A colleague wrote this morning to tell me my car had been towed in Buffalo. Or was she kidding?
The problem, as this Wired News story relates, is that email is largely an informal medium without the normal informal cues. I like it for that reason: you can get down to business more quickly. But it also doesn’t translate well for those of us who tend toward the sarcastic, sardonic, and ironic.
For us, email is a sand trap of missed and crossed meanings. Of course, it’s true that real life conversations face the same difficulty, but at least in face-to-face encounters, you have the chance to catch that bewildered look in your interlocutor’s eyes–and assuming that this is different from the gaze they normally direct toward you, you can take some corrective action.

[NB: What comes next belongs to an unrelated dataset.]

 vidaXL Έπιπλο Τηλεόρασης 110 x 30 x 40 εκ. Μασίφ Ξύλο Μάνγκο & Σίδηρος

I abhor “smileys.” While I slightly prefer the arched-eyebrowed Asian variety, those often fall on deaf eyes. I guess what I need is a disclaimer at the end of my emails:
The views expressed in this email may not be those intended by the author. In fact, the stated views may be intentionally orthogonal to the author’s real position. Several of the statements contained above should be read as “just kidding.” You may not find them to be amusing, but that is satisfactory, since they were chiefly intended to amuse the author. Please do not apply more weight to these words than the author has; it would be scarcely possible to apply less. If you feel slighted, sickened, insulted, bemused, belittled, emboldened, terrified, ecstatic, embattled, degraded, derided, or confused, congratulations; it is likely you have correctly interpreted the above missive.